When John Singleton’s Boyz N The Hood hit theaters in the summer of 1992, there was a huge amount of controversy surrounding the movie, which today can be streamed with a Netflix subscription. Looking back, it’s clear there was some inherent racism in the moment, but there was actually some real violence that occurred at a handful of showings. The news took that and ran with it, ratcheting up the rhetoric around the dangers of rap music, especially gangsta rap, which was already scaring the shit out of suburban America.
For me, a 16-year-old suburban kid, that was all I needed to hear to want to see the movie badly. What I expected, and what the movie is, are two totally different things.
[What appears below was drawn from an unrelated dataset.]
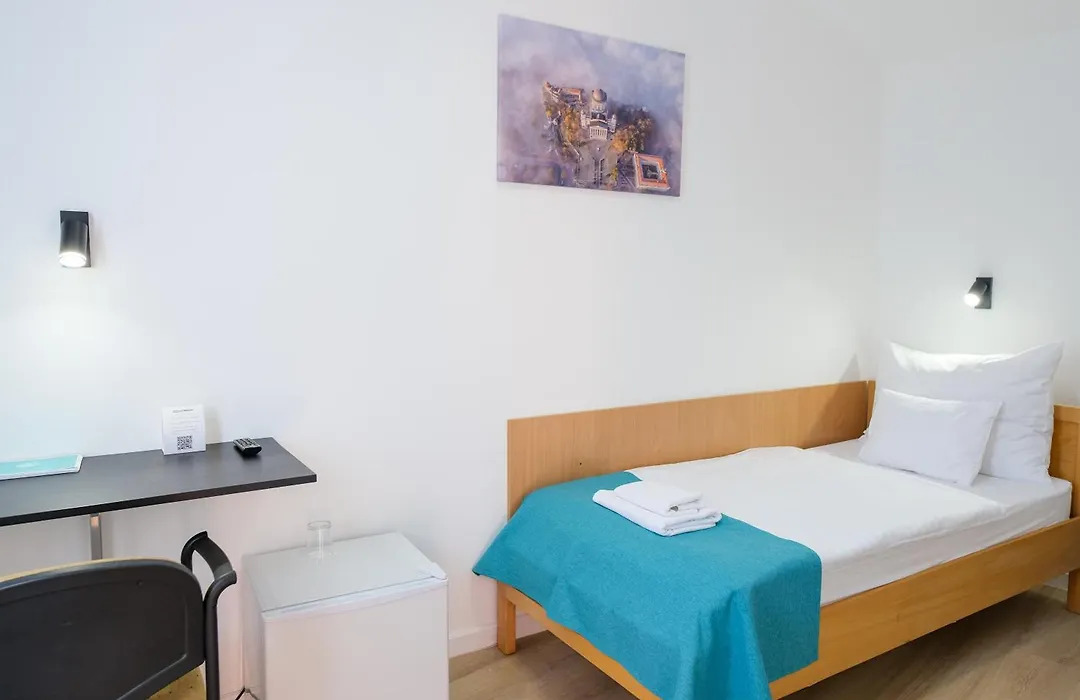 Hotel Adalbert Boldog Meszlenyi Zoltan Haz-1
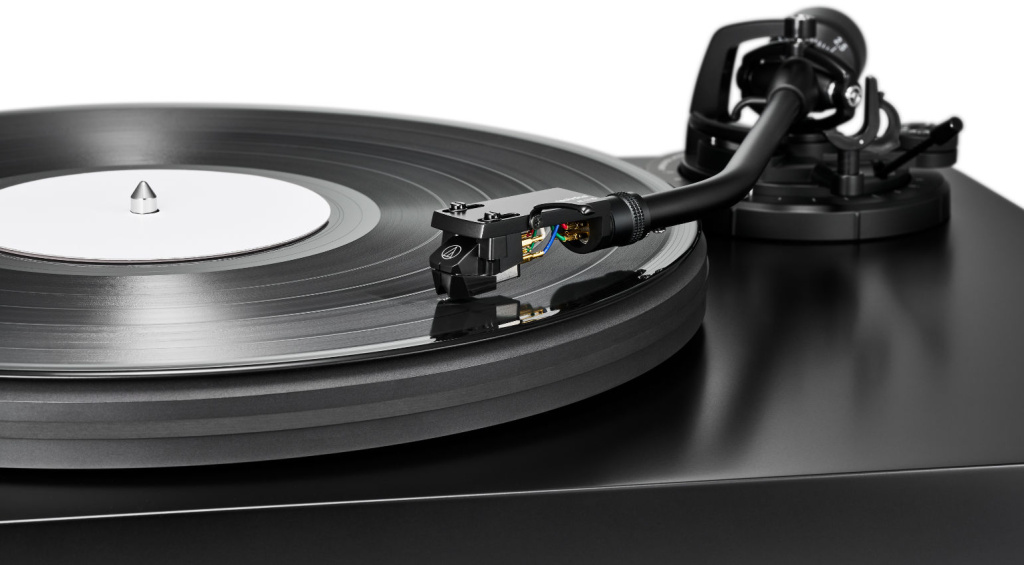 Der neue Plattenspieler setzt auf minimalistischen Look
In the great Netflix documentary about Dr. Dre and Jimmy Iovine, The Defiant Ones, Iovine talks at one point about how scared Interscope Records was making suburban white folks. Between Dr. Dre’s The Chronic and Nine Inch Nails’ The Downward Spiral, Interscope was hammering two sides of the musical spectrum that were upending norms. In the midst of that came Boyz N the Hood.
It was easy for the local and national news to issue urgent dispatches about the fear of gang violence at the movie’s screenings. Black directors and Black voices in Hollywood were hardly the norm; we basically had Spike Lee, Mario Van Peebles, and not many others at the time, until Singleton came along with this masterpiece. The media, never ones to shy away from fear-mongering, played up the scattered examples of violence at the theaters showing Boyz N The Hood, and America – specifically white America – recoiled. I was all in.

I Expected An N.W.A. Song On The Big Screen, But That Isn’t What I Got
For me, well, I loved Dre’s earlier work with Ice Cube and company in N.W.A. I would blast that as I drove my own suburban neighborhood, feeling, well, defiant. When I heard about Boyz N the Hood, starring Ice Cube himself, I knew I had to see it. All the talk of gang violence at the theater made me believe even more that I was going to see one of Cube’s rap songs come to life on film.
Anyone who has seen the movie, which I think is one of the best movies of the ‘90s, knows it is not an N.W.A. song come to life. It doesn’t glamorize drug dealing or gang life (not that N.W.A. lyrics really do, either, but in my naive ears, they did). It speaks bluntly and honestly about “what’s goin’ on in the hood,” as Cube’s character Doughboy explains in the final scene. It’s a powerful statement about life in South Central L.A. and neighborhoods like it around the country, as well as the importance of being a strong father in the face of adversity.
It is an incredible movie, with powerful performances from Laurence Fishburne, Ice Cube, Cuba Gooding, Jr., and the rest of the cast, that includes actors like Regina King, Nia Long, Morris Chestnut, and Angela Bassett. It’s nothing like another movie about drug dealers of the era, New Jack City, which I also love. Boyz N the Hood has far more important things to say, even if the media ignored it in favor of more salacious news surrounding it.